=== Begin Enclosure ===

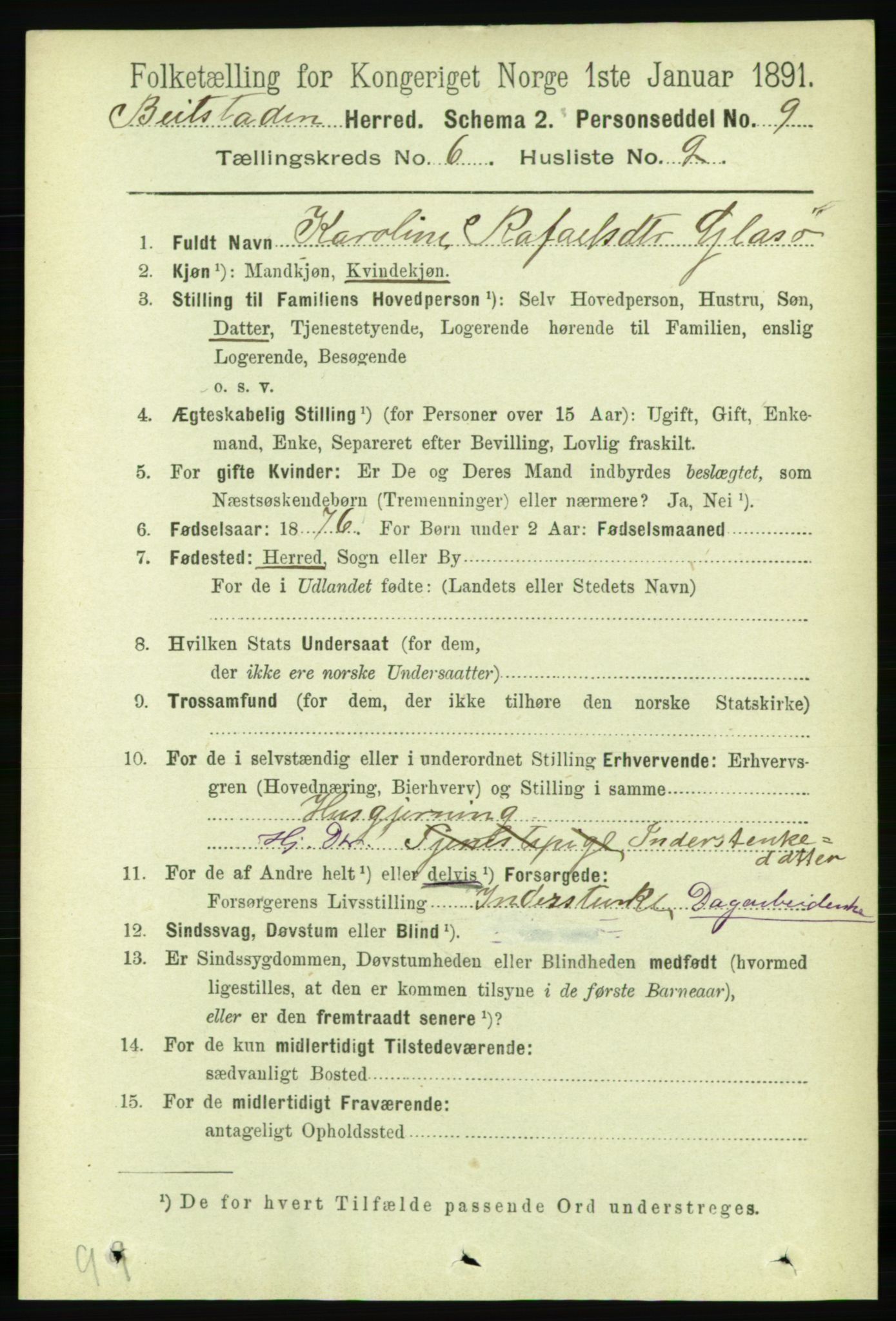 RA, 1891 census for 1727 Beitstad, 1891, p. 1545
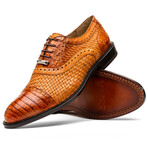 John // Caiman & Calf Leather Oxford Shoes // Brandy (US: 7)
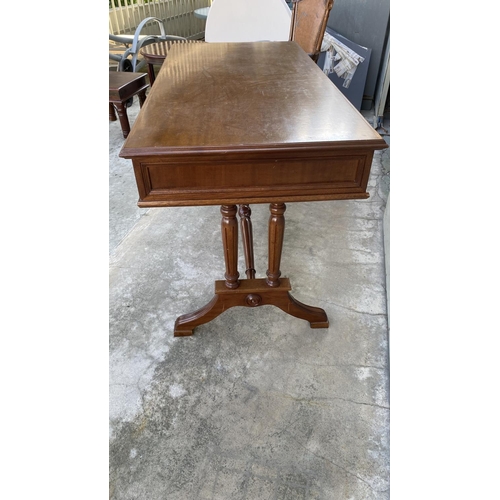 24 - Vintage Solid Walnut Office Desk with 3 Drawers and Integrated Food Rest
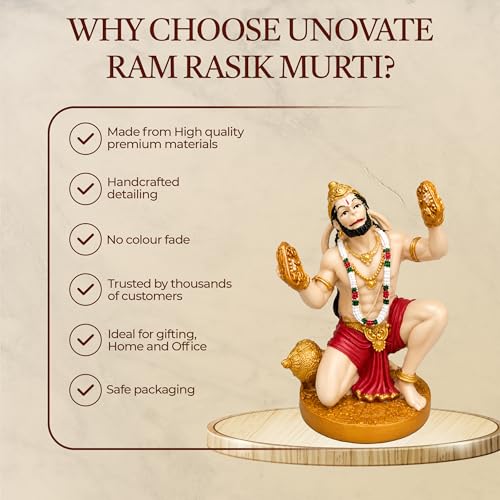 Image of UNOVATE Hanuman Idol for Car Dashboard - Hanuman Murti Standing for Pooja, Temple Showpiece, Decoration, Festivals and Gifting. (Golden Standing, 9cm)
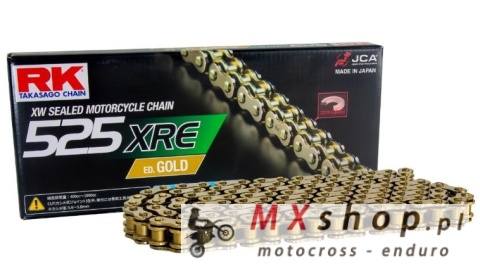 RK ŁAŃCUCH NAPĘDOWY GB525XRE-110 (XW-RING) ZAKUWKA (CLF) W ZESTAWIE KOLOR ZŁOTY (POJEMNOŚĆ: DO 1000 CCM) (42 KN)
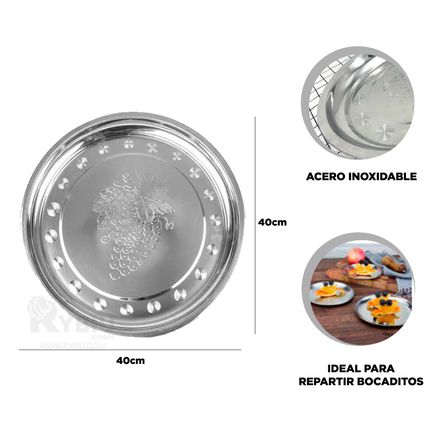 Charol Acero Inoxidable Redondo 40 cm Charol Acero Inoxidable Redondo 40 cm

=== End Enclosure ===

→ **EXERCISE PROMPT**
Please copy only the lines from the one that contains "RK ŁAŃCUCH NAPĘDOWY" through the last line of the records, exactly, and keep every picture out of the copy.

→ **EXERCISE RESULT**
 RK ŁAŃCUCH NAPĘDOWY GB525XRE-110 (XW-RING) ZAKUWKA (CLF) W ZESTAWIE KOLOR ZŁOTY (POJEMNOŚĆ: DO 1000 CCM) (42 KN)
 Charol Acero Inoxidable Redondo 40 cm Charol Acero Inoxidable Redondo 40 cm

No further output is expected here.